]
Eyal Edri updated OVIRT-2593:
-----------------------------
Issue Type: Improvement (was: By-EMAIL)
How does stdci prevent regressions and proactively monitor the
cluster?
-----------------------------------------------------------------------
Key: OVIRT-2593
URL:
https://ovirt-jira.atlassian.net/browse/OVIRT-2593
Project: oVirt - virtualization made easy
Issue Type: Improvement
Reporter: Roman Mohr
Assignee: infra
We want to go one step further with KubeVirt and sooner or later only merge
when the tests are green (automatically).

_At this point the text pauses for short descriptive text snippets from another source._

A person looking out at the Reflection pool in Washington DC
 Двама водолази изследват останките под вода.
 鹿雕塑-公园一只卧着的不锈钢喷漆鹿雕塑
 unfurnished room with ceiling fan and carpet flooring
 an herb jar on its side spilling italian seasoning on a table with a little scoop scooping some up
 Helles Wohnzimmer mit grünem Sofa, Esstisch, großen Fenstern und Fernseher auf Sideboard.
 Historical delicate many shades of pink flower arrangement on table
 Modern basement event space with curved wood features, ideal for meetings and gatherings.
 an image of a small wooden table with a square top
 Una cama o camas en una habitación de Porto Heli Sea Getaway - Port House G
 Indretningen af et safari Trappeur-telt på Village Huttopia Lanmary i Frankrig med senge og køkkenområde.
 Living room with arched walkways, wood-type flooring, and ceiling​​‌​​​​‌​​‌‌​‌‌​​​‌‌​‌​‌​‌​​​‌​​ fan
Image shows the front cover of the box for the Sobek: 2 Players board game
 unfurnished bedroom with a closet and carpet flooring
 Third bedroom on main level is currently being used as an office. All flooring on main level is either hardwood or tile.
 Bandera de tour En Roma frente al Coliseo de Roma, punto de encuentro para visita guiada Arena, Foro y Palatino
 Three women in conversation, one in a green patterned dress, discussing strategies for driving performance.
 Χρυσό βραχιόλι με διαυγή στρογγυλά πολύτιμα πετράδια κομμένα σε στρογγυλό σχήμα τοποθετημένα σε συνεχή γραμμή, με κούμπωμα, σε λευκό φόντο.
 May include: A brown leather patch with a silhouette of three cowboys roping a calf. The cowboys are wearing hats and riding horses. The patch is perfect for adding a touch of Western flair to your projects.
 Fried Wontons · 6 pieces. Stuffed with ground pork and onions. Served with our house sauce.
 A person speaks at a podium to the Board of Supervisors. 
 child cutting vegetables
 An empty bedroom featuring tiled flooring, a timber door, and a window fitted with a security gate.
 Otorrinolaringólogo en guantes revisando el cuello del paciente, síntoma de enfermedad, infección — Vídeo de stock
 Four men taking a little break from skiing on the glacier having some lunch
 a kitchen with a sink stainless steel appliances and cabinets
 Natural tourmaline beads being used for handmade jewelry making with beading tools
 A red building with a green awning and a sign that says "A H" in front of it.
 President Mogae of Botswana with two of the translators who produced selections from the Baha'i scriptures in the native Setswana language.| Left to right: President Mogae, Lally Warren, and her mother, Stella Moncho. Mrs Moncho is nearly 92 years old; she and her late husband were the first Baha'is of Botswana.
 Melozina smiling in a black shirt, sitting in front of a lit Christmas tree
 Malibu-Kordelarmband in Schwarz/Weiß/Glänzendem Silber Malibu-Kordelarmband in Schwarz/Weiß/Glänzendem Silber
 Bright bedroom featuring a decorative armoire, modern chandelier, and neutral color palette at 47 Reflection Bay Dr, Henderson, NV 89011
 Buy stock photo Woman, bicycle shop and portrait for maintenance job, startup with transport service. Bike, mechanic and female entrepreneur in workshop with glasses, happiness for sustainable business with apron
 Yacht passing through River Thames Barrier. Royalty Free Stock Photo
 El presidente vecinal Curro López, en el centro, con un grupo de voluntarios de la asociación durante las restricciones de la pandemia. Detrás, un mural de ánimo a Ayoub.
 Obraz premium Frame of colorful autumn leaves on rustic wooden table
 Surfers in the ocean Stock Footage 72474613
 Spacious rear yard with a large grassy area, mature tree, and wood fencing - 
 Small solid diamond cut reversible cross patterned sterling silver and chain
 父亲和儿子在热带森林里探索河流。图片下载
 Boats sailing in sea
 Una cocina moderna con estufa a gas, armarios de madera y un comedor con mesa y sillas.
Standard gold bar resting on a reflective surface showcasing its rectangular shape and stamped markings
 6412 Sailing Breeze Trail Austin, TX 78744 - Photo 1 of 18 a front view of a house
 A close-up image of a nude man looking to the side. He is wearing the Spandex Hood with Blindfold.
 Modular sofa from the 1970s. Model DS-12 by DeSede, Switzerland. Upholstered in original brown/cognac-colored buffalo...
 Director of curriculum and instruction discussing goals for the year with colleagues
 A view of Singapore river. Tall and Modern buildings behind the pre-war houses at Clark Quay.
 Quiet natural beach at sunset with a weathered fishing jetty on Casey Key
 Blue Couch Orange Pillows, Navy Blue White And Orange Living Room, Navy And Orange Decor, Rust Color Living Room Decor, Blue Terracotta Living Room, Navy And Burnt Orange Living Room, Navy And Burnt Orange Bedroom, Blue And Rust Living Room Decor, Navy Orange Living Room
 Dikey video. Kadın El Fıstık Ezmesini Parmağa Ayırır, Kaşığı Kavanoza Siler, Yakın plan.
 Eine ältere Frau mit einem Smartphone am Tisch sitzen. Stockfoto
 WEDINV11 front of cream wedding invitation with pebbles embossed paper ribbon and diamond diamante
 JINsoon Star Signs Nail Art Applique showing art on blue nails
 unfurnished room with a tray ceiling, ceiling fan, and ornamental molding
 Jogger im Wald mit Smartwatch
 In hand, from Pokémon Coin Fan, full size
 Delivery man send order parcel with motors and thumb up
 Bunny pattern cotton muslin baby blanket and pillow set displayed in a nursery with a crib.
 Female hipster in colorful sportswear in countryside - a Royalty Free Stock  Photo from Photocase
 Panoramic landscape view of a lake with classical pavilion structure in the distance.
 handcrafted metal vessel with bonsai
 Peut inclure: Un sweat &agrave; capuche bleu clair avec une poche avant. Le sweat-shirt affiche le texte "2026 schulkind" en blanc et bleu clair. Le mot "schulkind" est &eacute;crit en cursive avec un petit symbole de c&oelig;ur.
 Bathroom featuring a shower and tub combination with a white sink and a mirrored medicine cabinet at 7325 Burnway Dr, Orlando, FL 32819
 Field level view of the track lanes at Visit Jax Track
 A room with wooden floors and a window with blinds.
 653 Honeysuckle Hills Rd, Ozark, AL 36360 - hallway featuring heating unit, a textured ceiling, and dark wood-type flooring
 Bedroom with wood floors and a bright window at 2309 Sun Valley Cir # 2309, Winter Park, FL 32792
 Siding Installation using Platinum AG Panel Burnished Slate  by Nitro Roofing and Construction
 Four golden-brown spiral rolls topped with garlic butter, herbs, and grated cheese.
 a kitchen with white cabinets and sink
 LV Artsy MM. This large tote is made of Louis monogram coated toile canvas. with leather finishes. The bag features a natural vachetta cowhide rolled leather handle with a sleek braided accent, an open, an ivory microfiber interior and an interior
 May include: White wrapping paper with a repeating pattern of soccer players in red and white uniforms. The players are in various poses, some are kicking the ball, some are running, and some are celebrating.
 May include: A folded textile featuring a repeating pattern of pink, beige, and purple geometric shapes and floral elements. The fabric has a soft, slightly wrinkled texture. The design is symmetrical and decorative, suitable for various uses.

Therefore we want to ensure that this CI system is the right system for us
and can be properly scaled, developed and operated.
Apart from requirements like, automatically re-run tests and a merge-pools
stability and QoS of the CI system are interesting for us.
Some examples:
* Sometimes jobs break with a system error shown in the logs (is that
monitored and worked on?)
* Sometimes things like "out-of-disk-space" show up. Is e.g. disk
utilization proactively handled?
* We had one issue where the docker installation was broken in a
build-slot and all jobs stopped fast. As a consequence all following builds
were scheduled there too. Is something like that monitored?
* We repeatedly have issues, connecting to jenkins. It is extremely slow
(not just Blue-Ocean-slow, really slow). Are such things monitored and
alarms raised, countermeasures taken?
* That did not happen for a while, but there were repeatedly bare-metal
machines whithout kvm-nesting added to the cluster. Are there measures in
place which prevent such regressions where the same issues happen multiple
times?
* How is the flexibility of the project ensured? Is it also tested and
maintained in a sane fashion to allow proper evolution in time? Automated
tests? Offline-testing of changes? And so on ...